In an ironic and serendipitous twist of fate, after having written a post on three fundamental characteristics of Russian music I found myself disregarding almost every single one of those when listening to the work "Cassandra" for large ensemble by the Ukrainian-Russian contemporary composer Vladimir Tarnopolsky. Composed in 1991, consequently the same year the USSR dissolved under the weight of its own hubris, this destructuralized piece of orchestral literature grapples with the idea of formlessness which results in its own form. The piece does not have any recognizable melody or harmonic signature, one of the tenants associated with "musical Russianness" as delineated by many Scholars, nor does the rhythm ever take on a stable characteristic. Instead, temporal periodization is used to create its structure, the work's long-range design being an elongated mezza di voce form.

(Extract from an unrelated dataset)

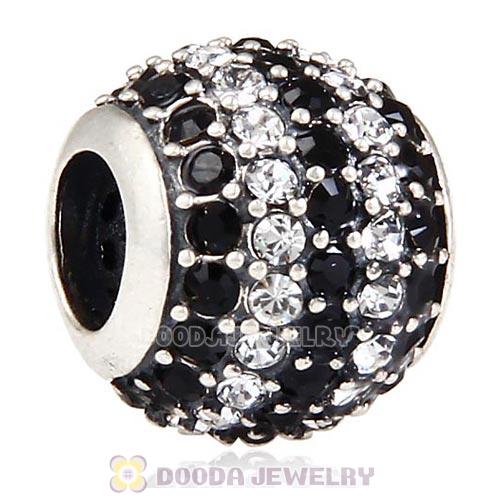 2013 European Sterling Silver Pave Lights With Crystal Jet Austrian Crystal Charm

The work points to a possible feature of contemporary Russian music literature that has become relatively common, that being a proclivity towards ambiguity, esotericism, atmospherics, reduced adherence to traditional technical processes, along with allegorical and metaphorical usages of musical textures. Tarnopolsky's work also uses a wide variety of non-traditional, or at very least an uncategorizable, soundscapes which could be grouped under the neologistic title of "episodic symphonism" in its 24 minute run-time. The work conceives of tension and release, an element of the "symphonic style" as described by Asafiev, along with long-form motivic development (another tenant of musical Russianness) as paradigms rather than set constructs. As the piece goes on, the tonally liberated nature (as one can detect a tonal plan not related to typical notions of tonality) of the work starts to fall away as something shocking. Instead, you begin hearing the intricate movements and relationships in the instrumentation. It's a remarkable realization when you begin to dissociate from the supremacy of tonality and diatonic thinking that has captivated our composers throughout the ages, where deconstruction helps not only the composer but the listener escape the confines of the auditory binary. Melody becomes a curse and a poison.


The name of the gnashing, jarring, and yet simultaneously antagonizing and all-together irresolute work "Cassandra" comes from the could-be heroine from Greek mythology who, if only allowed, could have prevented the fall of Troy due to her oracular abilities but was blocked by Apollo because he was jealous of being deceived by her into the nature of her infatuation for the God of Love. In this way, the music personifies in excruciating detail the dreadful tale of jealousy and avoidable destruction that lies at the heart of the myth. A beautiful and virtuous woman, whose vestigial purity attracted everyone to her, who was undone by another and scorned by friend and foe, only for destruction to fall upon them in return. In this story, no one wins and every party is left to relish in their destituteness and contemptibility. As a result of Cassandra's unrequited devotion to the God who gave to her the ability to prophesize she is now referred to as the "messenger of misfortune," apropos to the world of 1991 no? I am most likely certain that the tintinnabulation at the end of the work, in the form of resonant church bells and hand-held sleigh bells, is to evoke the sardonic quality of Orthodox rituality. In the end, Cassandra fell and so too did Troy........or the USSR?